# Legacy Vacation Club - Deedback Program?



## Keelhaulers (Feb 15, 2019)

My girlfriend owns Week 22 at Legacy Vacation Club in Kissimmee - She bought the week many many years ago with her now deceased husband.  She no longer has a mortgage, just those dang yearly maintenance fees that she is current on.

Does anyone here know if Legacy has a deedback program?  Any luck with it?  We don't ever use it, and she just needs to get out of it.  

Thanks for any info you all may have.


----------



## RNCollins (Mar 16, 2019)

Hi Keelhaulers,

The best place to start is by contacting the resort:

*Legacy Vacation Resorts*
PO Box 690999
Orlando, FL 32869

*Located at:*
*2800 N. Poinciana Blvd.*
*Kissimmee, FL 34746*

*Phone*: 1-866-507-1429
*Email*: service.support@lvcresorts.com 
*Group reservations & inquires*:  groupsales@lvcresorts.com 

If you have no mortgage and would like to give your timeshare away to someone who would truly like it, Check this link out on how to give away your timeshare:

https://www.tugbbs.com/forums/index.php?threads/how-can-i-give-away-my-timeshare-on-tug.132509/


----------



## HudsHut (Oct 19, 2019)

Keelhaulers said:


> My girlfriend owns Week 22 at Legacy Vacation Club in Kissimmee - She bought the week many many years ago with her now deceased husband.  She no longer has a mortgage, just those dang yearly maintenance fees that she is current on.
> 
> Does anyone here know if Legacy has a deedback program?  Any luck with it?  We don't ever use it, and she just needs to get out of it.
> 
> Thanks for any info you all may have.



I thought there might be others also wondering if Legacy has a deedback. 
Keelhaulers replied to my question via PM: 

you have to have the mortgage paid off, you have to be current in all dues and maintenance fee payments, and they charge you 850 to actually start the process. once started, the whole process took 9 months to complete, but we are finally rid of it!!! Here is the number.
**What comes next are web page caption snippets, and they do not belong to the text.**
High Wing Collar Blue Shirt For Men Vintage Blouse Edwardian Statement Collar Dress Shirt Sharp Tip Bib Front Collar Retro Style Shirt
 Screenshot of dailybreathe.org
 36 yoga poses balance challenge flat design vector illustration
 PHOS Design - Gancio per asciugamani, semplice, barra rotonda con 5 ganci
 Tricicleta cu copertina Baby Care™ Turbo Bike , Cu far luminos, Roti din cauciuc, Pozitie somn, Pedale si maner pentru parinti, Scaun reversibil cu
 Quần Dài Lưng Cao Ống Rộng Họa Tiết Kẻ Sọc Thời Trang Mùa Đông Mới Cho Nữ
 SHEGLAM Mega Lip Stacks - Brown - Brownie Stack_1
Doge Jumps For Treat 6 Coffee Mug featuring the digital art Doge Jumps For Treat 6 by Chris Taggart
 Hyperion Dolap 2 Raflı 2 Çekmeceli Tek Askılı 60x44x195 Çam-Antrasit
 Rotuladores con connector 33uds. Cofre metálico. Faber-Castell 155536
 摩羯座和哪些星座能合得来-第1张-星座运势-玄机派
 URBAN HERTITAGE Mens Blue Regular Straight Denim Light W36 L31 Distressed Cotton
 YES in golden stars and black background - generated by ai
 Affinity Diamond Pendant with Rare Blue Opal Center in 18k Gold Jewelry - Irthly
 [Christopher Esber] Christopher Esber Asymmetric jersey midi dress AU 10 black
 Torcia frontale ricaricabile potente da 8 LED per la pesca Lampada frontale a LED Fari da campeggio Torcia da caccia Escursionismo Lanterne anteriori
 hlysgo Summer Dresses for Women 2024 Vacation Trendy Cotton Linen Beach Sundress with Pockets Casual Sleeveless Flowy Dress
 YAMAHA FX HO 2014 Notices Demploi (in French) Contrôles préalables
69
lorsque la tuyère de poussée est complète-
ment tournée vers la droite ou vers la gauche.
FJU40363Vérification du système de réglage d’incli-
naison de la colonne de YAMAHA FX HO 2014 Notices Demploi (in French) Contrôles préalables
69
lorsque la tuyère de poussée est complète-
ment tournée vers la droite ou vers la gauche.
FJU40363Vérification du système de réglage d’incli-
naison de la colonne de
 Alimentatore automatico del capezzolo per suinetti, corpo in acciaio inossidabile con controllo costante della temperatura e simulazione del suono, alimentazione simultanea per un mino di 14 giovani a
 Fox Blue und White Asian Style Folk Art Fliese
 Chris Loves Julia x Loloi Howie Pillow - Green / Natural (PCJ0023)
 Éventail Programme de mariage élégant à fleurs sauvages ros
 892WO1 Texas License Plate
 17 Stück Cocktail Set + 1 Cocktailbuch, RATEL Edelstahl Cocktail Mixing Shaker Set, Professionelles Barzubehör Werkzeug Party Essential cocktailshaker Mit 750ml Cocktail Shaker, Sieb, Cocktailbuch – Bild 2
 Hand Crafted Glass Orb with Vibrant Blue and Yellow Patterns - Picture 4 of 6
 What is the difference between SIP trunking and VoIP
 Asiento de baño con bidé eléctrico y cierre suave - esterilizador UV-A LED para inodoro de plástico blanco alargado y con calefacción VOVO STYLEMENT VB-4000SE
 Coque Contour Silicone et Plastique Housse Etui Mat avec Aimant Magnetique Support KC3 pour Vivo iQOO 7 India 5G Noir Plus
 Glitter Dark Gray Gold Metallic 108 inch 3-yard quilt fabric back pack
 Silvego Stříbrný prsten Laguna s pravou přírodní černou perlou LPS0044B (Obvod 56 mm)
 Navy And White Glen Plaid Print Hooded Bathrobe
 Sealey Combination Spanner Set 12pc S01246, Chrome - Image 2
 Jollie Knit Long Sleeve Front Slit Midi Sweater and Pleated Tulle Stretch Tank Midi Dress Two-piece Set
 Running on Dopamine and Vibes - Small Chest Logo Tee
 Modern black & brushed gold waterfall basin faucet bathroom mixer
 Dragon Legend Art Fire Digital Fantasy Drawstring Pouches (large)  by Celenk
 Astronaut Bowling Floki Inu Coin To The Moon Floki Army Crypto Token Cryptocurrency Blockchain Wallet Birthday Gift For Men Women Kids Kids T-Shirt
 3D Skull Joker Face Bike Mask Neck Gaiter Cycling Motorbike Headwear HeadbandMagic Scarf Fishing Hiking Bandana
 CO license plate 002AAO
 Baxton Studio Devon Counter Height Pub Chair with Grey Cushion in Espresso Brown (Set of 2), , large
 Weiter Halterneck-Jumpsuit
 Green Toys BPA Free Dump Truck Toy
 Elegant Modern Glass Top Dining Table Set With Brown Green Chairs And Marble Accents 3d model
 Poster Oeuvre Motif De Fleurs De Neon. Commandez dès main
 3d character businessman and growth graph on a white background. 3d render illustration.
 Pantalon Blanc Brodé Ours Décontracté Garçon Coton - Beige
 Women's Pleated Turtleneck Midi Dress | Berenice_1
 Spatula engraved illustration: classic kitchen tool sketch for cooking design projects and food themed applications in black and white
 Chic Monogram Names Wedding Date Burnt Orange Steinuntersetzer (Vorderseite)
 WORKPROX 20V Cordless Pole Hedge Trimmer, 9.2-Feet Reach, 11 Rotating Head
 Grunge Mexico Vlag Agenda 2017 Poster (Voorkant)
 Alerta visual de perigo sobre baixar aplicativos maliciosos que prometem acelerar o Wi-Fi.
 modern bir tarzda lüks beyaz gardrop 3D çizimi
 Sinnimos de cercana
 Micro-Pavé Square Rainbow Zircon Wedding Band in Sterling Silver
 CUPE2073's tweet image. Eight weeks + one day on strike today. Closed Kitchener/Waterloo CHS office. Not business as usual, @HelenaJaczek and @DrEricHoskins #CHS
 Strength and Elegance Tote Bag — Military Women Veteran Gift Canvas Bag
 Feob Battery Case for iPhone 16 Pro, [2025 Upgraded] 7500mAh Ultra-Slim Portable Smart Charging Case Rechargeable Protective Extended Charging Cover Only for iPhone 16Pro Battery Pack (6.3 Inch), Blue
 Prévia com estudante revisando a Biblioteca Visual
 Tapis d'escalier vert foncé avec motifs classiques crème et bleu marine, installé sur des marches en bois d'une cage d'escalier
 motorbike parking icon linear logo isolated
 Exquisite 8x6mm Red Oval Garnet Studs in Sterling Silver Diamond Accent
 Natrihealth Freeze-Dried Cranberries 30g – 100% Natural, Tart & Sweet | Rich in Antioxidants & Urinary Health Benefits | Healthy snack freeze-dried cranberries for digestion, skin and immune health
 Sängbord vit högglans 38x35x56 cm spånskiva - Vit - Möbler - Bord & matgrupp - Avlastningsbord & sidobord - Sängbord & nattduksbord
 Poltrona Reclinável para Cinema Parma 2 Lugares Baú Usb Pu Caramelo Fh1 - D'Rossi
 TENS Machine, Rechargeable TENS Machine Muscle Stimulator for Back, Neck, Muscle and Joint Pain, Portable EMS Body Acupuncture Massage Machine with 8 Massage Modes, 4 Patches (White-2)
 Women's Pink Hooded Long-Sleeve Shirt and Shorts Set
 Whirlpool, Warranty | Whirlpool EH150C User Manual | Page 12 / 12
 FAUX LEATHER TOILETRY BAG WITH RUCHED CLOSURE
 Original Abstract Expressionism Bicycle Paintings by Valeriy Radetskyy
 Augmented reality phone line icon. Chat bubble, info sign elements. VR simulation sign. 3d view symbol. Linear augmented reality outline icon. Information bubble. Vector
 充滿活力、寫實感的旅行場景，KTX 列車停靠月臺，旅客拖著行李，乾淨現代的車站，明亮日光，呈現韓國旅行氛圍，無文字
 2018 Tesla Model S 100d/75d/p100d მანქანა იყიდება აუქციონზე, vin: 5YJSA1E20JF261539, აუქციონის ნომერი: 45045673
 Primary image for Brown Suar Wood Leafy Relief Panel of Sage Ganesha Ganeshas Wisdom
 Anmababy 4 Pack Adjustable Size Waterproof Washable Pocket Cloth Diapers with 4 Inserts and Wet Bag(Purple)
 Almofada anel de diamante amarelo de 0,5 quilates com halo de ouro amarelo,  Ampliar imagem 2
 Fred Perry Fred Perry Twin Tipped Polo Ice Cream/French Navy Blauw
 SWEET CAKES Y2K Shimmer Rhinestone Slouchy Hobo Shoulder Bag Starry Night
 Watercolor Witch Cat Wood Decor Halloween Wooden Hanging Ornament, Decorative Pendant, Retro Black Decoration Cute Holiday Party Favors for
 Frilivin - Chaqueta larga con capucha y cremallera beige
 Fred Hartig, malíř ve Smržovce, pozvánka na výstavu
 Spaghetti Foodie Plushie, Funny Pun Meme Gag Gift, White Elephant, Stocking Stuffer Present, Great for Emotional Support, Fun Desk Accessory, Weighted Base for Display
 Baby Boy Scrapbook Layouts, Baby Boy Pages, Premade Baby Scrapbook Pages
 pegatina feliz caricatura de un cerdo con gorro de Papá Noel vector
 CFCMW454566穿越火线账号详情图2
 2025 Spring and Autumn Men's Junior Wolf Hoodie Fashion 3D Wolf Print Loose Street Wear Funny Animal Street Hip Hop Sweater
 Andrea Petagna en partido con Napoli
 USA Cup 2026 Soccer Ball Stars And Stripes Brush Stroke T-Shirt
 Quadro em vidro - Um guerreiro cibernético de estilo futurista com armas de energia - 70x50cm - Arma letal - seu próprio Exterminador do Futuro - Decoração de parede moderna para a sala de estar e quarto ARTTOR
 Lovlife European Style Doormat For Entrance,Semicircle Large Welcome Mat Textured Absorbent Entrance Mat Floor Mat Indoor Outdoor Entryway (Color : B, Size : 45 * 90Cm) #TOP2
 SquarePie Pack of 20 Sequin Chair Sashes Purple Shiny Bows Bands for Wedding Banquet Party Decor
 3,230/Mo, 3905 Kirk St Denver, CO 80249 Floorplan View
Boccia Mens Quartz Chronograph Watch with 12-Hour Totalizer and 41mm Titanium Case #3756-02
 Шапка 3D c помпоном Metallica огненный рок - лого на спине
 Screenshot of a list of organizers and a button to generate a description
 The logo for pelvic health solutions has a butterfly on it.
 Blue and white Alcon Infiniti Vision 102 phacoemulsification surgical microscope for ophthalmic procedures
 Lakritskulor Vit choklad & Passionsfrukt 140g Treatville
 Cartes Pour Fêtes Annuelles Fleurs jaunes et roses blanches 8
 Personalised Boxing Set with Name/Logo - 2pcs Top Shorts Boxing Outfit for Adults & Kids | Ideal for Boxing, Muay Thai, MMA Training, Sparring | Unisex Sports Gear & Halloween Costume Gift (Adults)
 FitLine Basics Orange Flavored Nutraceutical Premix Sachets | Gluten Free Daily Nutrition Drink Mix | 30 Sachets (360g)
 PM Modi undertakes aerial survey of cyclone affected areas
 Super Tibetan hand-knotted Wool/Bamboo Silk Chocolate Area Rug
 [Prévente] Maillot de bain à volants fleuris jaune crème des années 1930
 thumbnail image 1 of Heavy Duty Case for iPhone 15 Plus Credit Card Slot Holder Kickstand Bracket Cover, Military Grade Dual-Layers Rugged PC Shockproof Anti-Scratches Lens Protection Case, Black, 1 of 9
Keelhaulers, Today at 2:21 PM


The forums will not let me paste a phone number, strange. Here it is:

Eight Hundred-588-2680


----------



## scmami (Feb 3, 2022)

For future readers, this is still true in 2022. Not sure of the timeline as I just started the process, but it was no hassle to begin and I am very relieved.


----------